Here its valley widens strongly, and it goes in the wide valley level of the "Fornsbacher Talspinne" into a narrow bend of almost 150° to the left, in whose course it - the Westermurr, thus western Murr - successively only the right Otterbach - also called Mettelbach, the middle brook - from the south, then at the iron forge mill the right Fornsbach - front brook - from the east, to which two shortly before larger brooks from still other directions flowed.
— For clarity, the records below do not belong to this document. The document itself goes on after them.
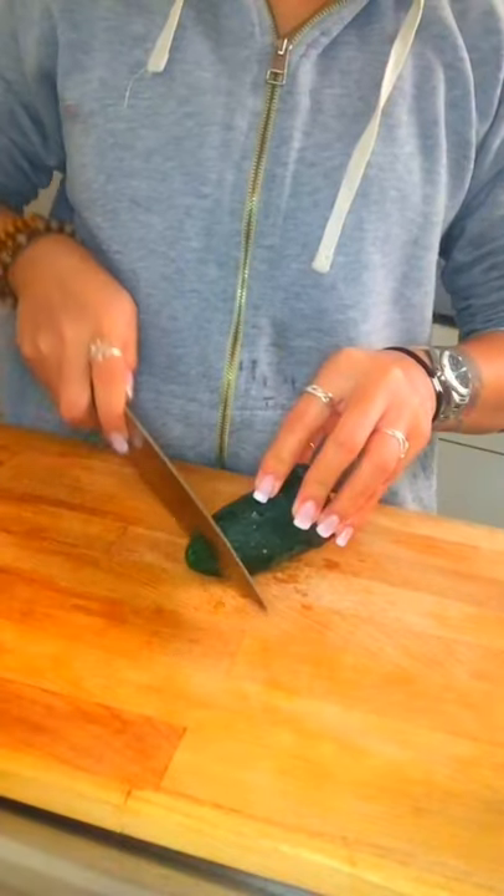Hey! Today I'll be making a healthy salad snack that you can enjoy with your afternoon wine. Let's start.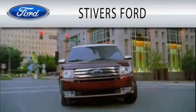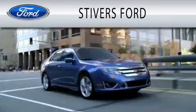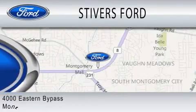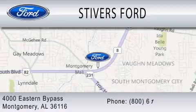Stivers Ford is dedicated to doing everything possible to ensure that the experience you have selecting your vehicle is as pleasant as possible. We are located at 4000 Eastern Bypass in Montgomery.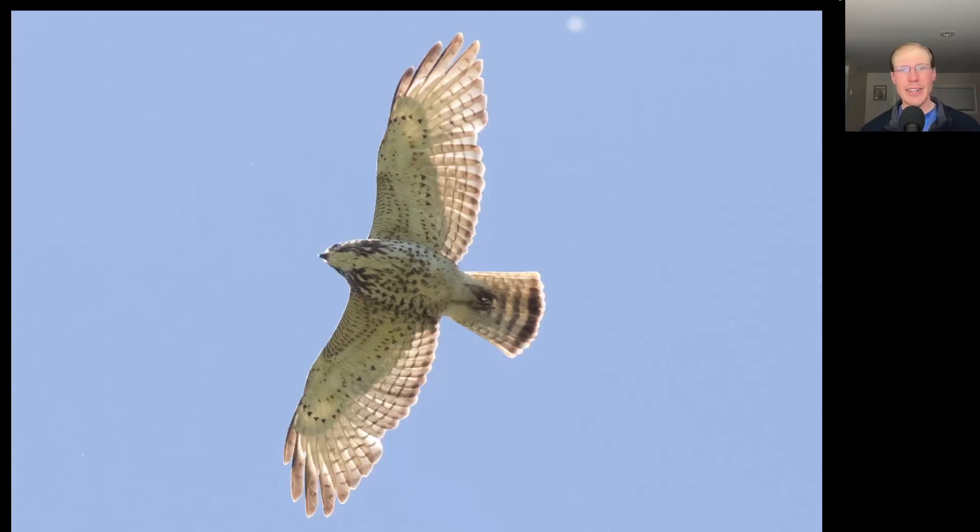Here's another one of these generic juvenile buteos — pale overall, a tail with some banding, some brown streaking to the underside. But if we look at the wingtips, they're a bit pointed because they're only made up of four feathers. This is a juvenile broad-winged hawk.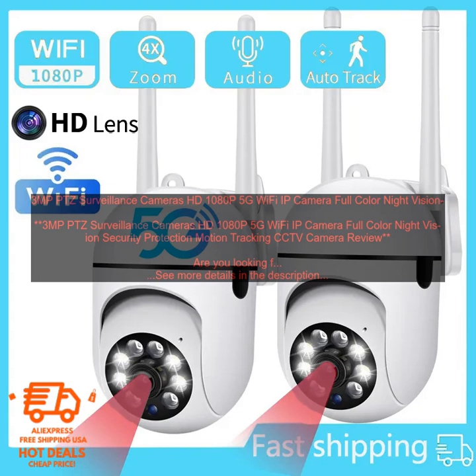It offers a number of features that make it an excellent option, including 3MP resolution, 1080p Full HD video recording, 5G Wi-Fi connectivity, full color night vision, motion tracking, two-way audio communication, and IP66 weatherproof rating.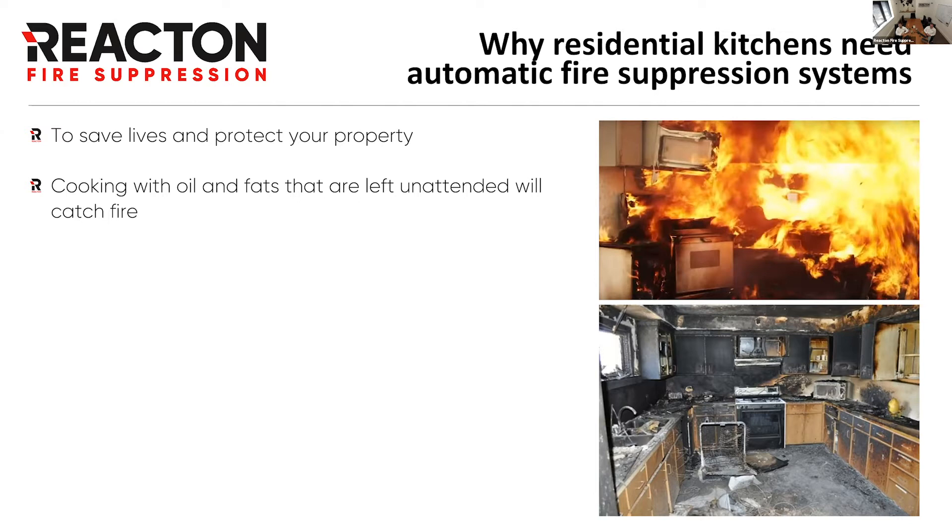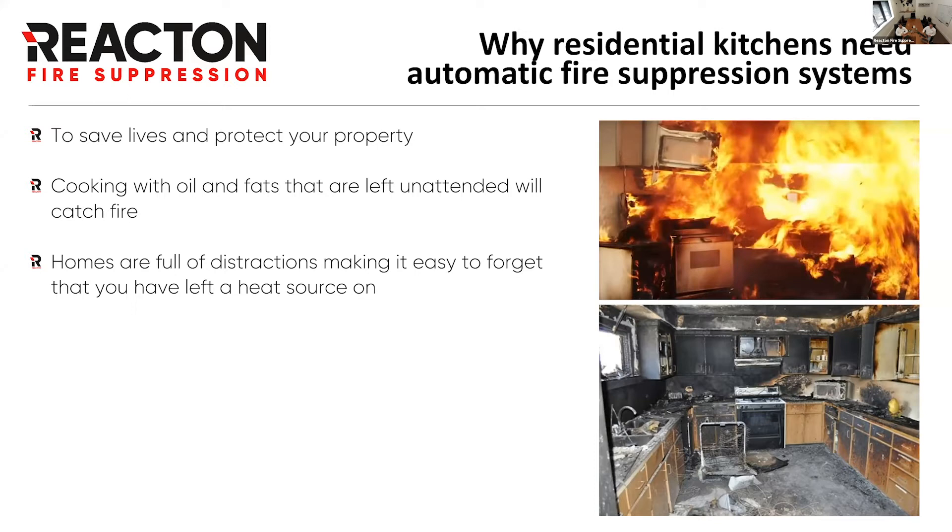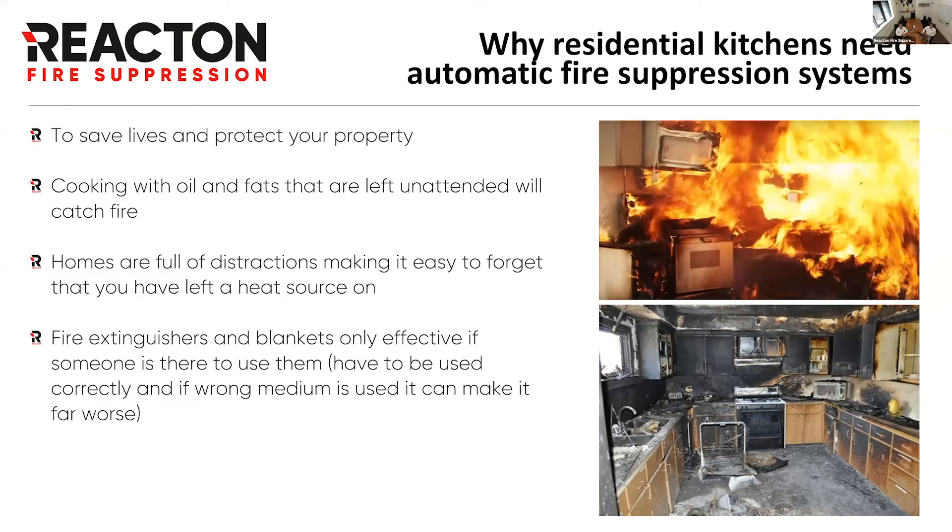The main purpose — the reason why Reacton started and keeps pushing hard — is to save lives and protect property. Cooking with oils and fats left unattended with heat will catch fire; they will continuously heat up and auto-ignite. I can add to this story: when I was in my first year at university, a friend decided he wanted chips, put oil in a pan on the hob, went to his room, fell asleep, and burned down two blocks of accommodation units. That's one of the biggest markets we see for these systems — university and student accommodation — it's a particular risk.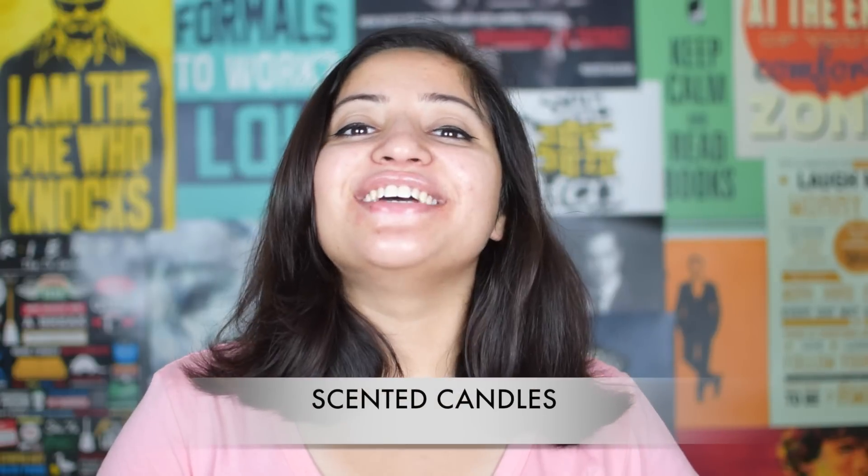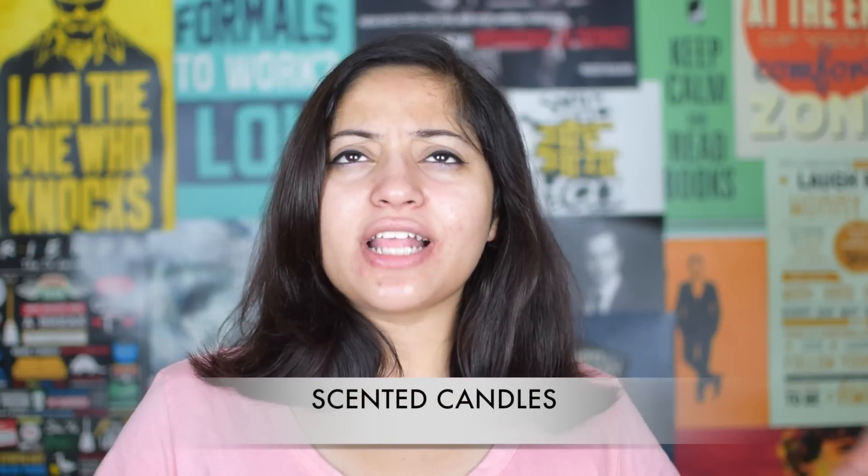Number 4 idea is scented candles. A lot of us like to have a mood of reading and to set the mood, we like to light some scented candles. In fact, I especially wait for winter so that I can have some scented candles in my room and then just snuggle in my bed and read. I currently have 3 scented candles in my room, but still I want more — we can have a lot of scented candles.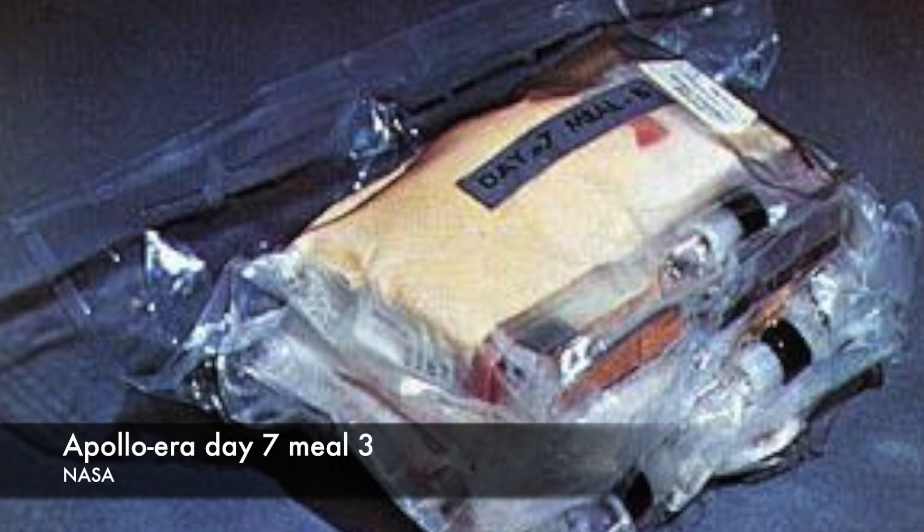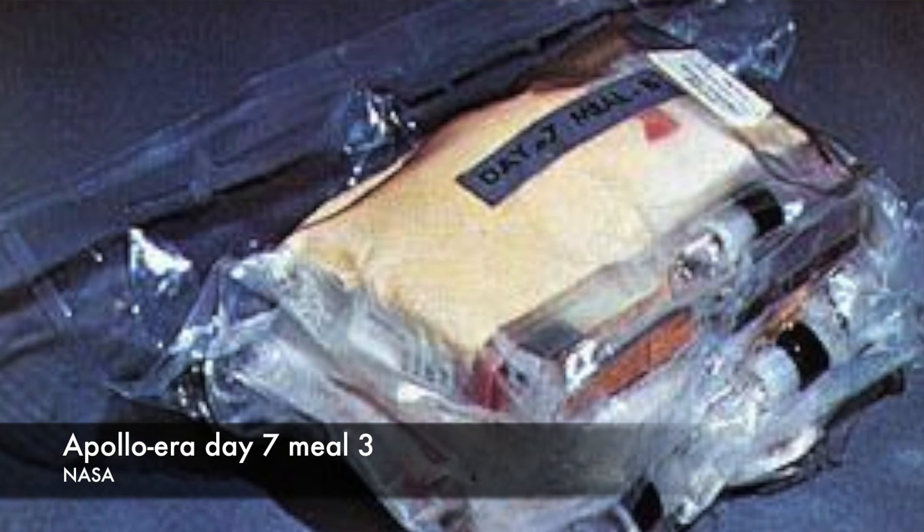There were four different meals for breakfast, lunch, and dinner, and the mission schedule cycled through all four, so meals were repeated.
==== From Fornsbach to "Spiegelberger" Lauter ====
Afterwards it is on west course, the direction of the inflowing Fornsbach, whose length here exceeds hers. Its broad valley floor below the slopes, which are still wooded at medium altitude, now offers space for more important traffic routes. Accompanied by the L 1066 and the railroad line Waiblingen-Schwäbisch Hall-Hessental, it passes the Wahlenmühle, Hausen and the Lutzensägmühle, and after passing the alpine pasture settlement on its right, where once the Upper Germanic-Raetian Limes crossed its valley, it finally flows into the core town of Murrhardt; the city is the largest settlement on its upper reaches. On the western edge of its old town the Dentelbach from the north, further down the valley the Hörschbach from the south, at the edge of its settlement and shortly before the western city limits the Harbach flows through the hamlet Harbach again from the north.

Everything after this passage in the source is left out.